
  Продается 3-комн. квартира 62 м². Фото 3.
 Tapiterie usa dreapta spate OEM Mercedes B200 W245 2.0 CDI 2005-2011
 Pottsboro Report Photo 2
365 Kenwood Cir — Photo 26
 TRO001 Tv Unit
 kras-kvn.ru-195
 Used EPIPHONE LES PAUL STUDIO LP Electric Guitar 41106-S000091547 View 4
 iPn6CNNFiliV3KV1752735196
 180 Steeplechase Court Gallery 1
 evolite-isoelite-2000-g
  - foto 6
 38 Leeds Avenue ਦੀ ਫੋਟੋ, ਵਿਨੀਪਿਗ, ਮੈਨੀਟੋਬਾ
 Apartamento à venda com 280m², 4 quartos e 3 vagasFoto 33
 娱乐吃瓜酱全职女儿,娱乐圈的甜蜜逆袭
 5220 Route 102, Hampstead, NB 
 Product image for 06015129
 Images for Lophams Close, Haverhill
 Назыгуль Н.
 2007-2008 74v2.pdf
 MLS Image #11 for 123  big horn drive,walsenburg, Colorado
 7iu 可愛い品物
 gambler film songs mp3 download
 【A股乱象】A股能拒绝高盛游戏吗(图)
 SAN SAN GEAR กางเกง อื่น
- - -
What the task requires
Using the records above, write out exactly the lines from the one containing "娱乐吃瓜酱全职女儿,娱乐圈的甜蜜逆袭" through the last, and add nothing.

Solved problem
 娱乐吃瓜酱全职女儿,娱乐圈的甜蜜逆袭
 5220 Route 102, Hampstead, NB 
 Product image for 06015129
 Images for Lophams Close, Haverhill
 Назыгуль Н.
 2007-2008 74v2.pdf
 MLS Image #11 for 123  big horn drive,walsenburg, Colorado
 7iu 可愛い品物
 gambler film songs mp3 download
 【A股乱象】A股能拒绝高盛游戏吗(图)
 SAN SAN GEAR กางเกง อื่น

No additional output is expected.